A typical day during my time in Cabanaconde as an example of the mixture of things I was doing and the routines of village life.  This is from the 2nd of July.

 

After breakfast, at around 8:30, I went to look for Ruth, as we had agreed to go together to see the mayor to show him the brochure for the experiential tourism project. The municipality had funded the brochure and the mayor - a keen amateur photographer – had provided photographs and helped design it. Ruth wasn’t in her store so I went alone to the municipal building. Outside, I ran into Ruth, who had been buying potatoes from a neighbour. She told me cheerily that she’d found out that the mayor wasn’t in town so we were wasting our time.

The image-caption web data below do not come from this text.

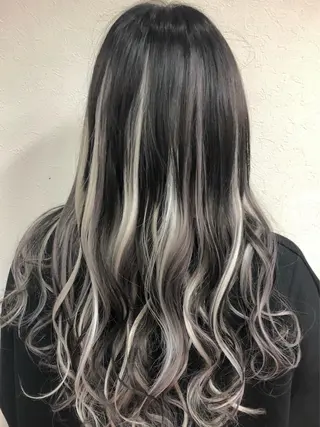 カラー ダブルスキルエクステ /羽エクステ白石宇由のヘアスタイル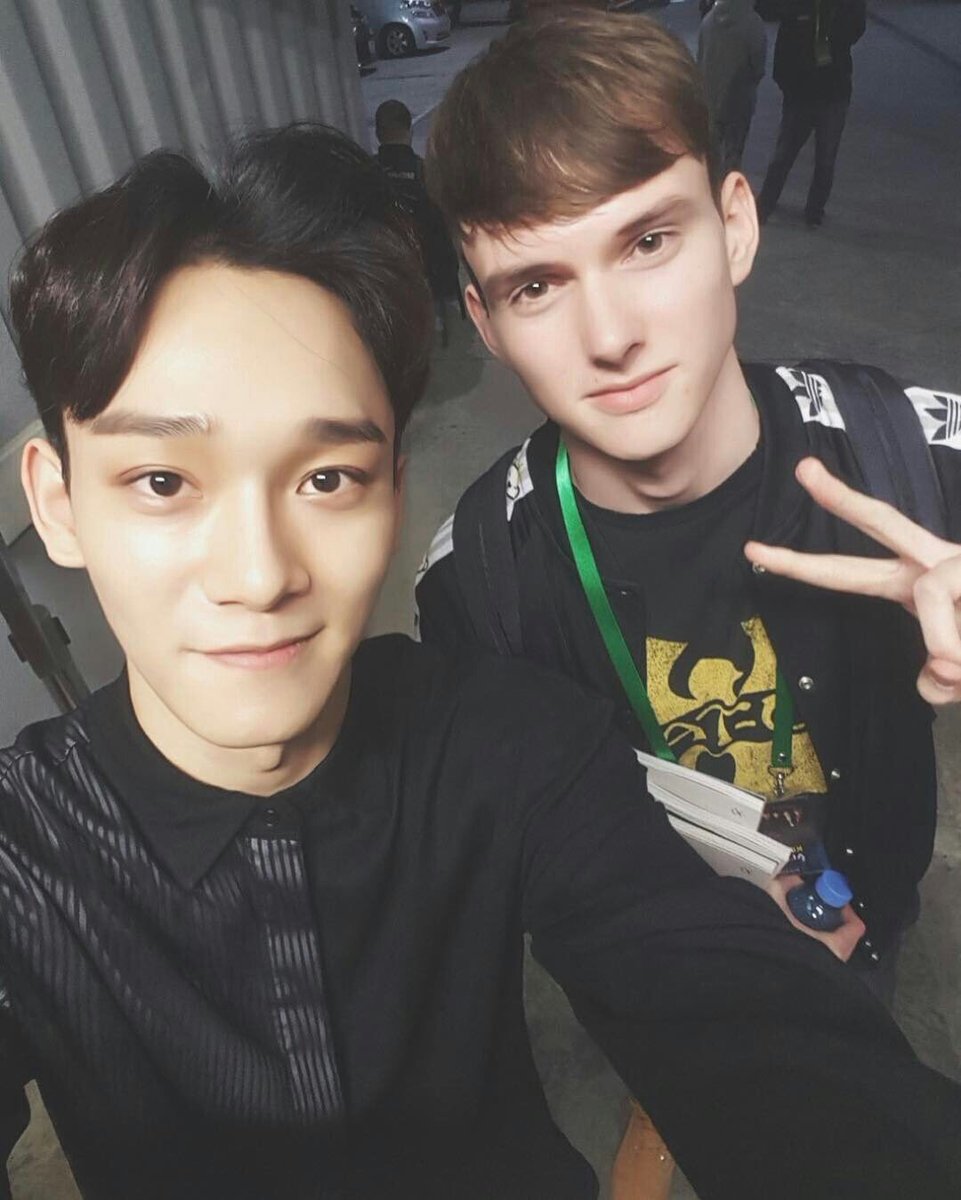 EXOLCHILE2's tweet photo. {170212}Actualización de Instagram de holdendent Con CHANYEOL Y CHEN 
https://t.co/ayYjaVHrzk
https://t.co/zQLF4jna7b https://t.co/U99bNVymVT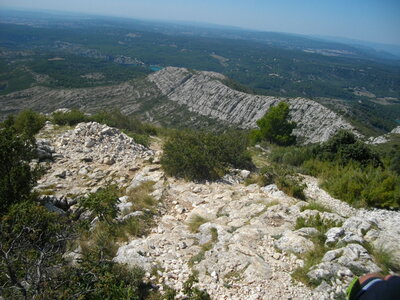 PAS DU CLAPIER - PAS DE L'ESCALETTE 04 09 14 (Randonnée pédestre, Sainte-Victoire) : 9.18 km, 4 h 30, 680 m de dénivellation positive cumulée ; P2, T2 (passages ponctuels). Météo : Grand beau temps. Participants : Hélène, Odette, Alain, Jean-Paul et Marcel., Les crêtes vers l'ouest, depuis le Prieuré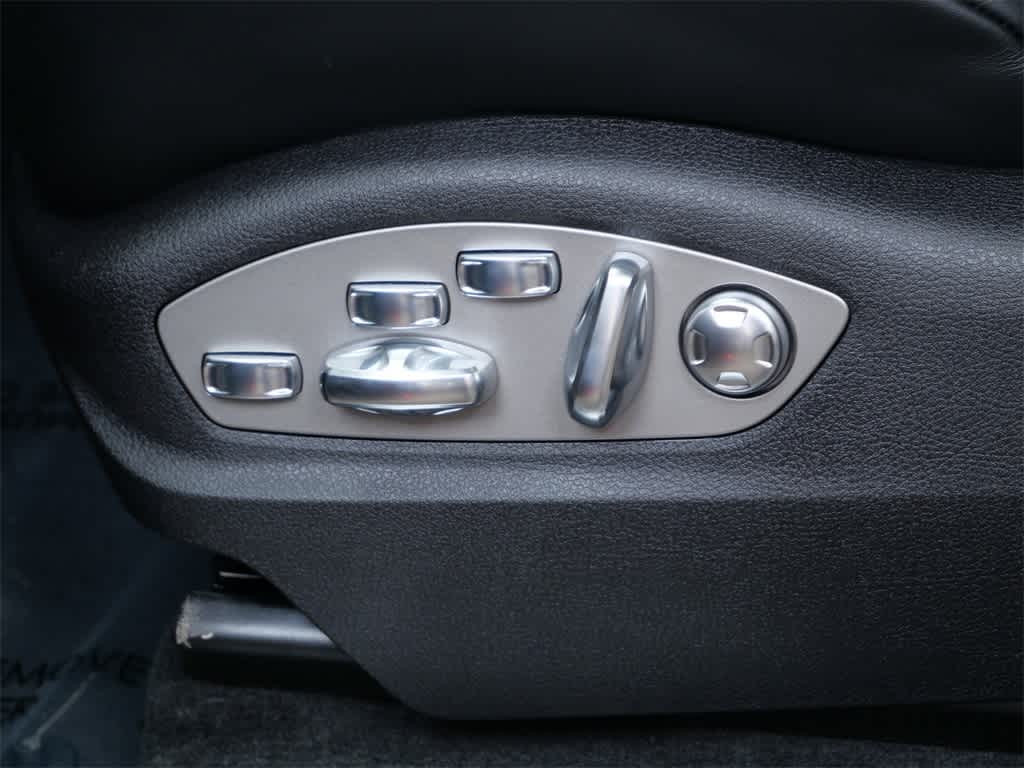 Thumbnail: 2026 Porsche Macan - 12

As we walked back across the plaza, I was hailed by Patricio, and then Edison (‘Chiqui’) also appeared. Both of them have worked as local tourist guides. I showed both of them the brochure and we talked for a while about the tourism project. We went through a list of names of other local guides who could work with the project. I headed back to my side of the village and when I went past Lili’s shop she asked me if I wanted to accompany her to the chacra. She had to take food to the guys who were ploughing in one of the family’s fields, and then to her mother who was down with the sheep that were sleeping on the chacras in the Ccollcca sector.

While Lili was cooking, I used the time to wash my clothes. All washing in Cabanaconde is done by hand: I used a bucket and a concrete laundry fixture with a tap. I normally do one soak-and-wash with detergent and then two rinses. It’s tricky to balance getting the dirt out and being able to rinse away the detergent. I’ve got better, but it’s not ideal, and whenever I’m in Arequipa it’s good to get a machine wash done.

I went with Lili to Lihuay to take lunch to the two men who had already finished ploughing the small chacra. From there, we walked down the main pathway towards CCollcca and while we walked we discussed the new urban development in San Miguel (20 minutes walk uphill on the main road out of Cabanaconde), where the Peasant Community has subdivided the land and is allocating lots to those who register fo a fee. Some see it as a necessary development to give more living space to the community, where many extended families share very restricted space in the small properties within the main village.

Lili hadn’t registered for a lot in San Miguel and wasn’t in agreement with the process. There were two main reasons why. First, she doubted that it would actually go ahead. The National Cultural Institute has registered the San Miguel pampa as a site of archeological interest (although they’ve never investigated anything there) and has indicated it will take legal action against any development. This seems perverse, given that Cabanaconde already built a small football stadium on the same land and now the Province of Caylloma is financing a new museum, supposedly to evenutally house the Mummy Juanita. I can’t see the building in San Miguel being stopped, but Lili was dubious. She and Ruth had supported an “invasion” there last year, but the president of Peasant Community opposed it and ordered the rudimentary structures that people had built to be torn down. The president had then done an about-face and thrown his weight behind the development, which Ruth and Lili thought was suspicious.

The other reason was that Lili didn’t agree with how the land was being divided up. She thought that new land should be reserved for younger people who didn’t necessarily have their own families -  partly because there’s little space to raise a family. And she didn’t think it was fair that multiple people from the same family – many of whom don’t live in Cabanaconde – should each be allocated a lot. Instead, the system was based on differential fees: S/. 500 to register if you didn’t already have land in the ampliaciones (the formerly dry areas that received irrigation water from the Majes project in the 1990s), S/. 1,000 if you already had a lot, and S/. 1,500 if you weren’t originally from Cabanaconde.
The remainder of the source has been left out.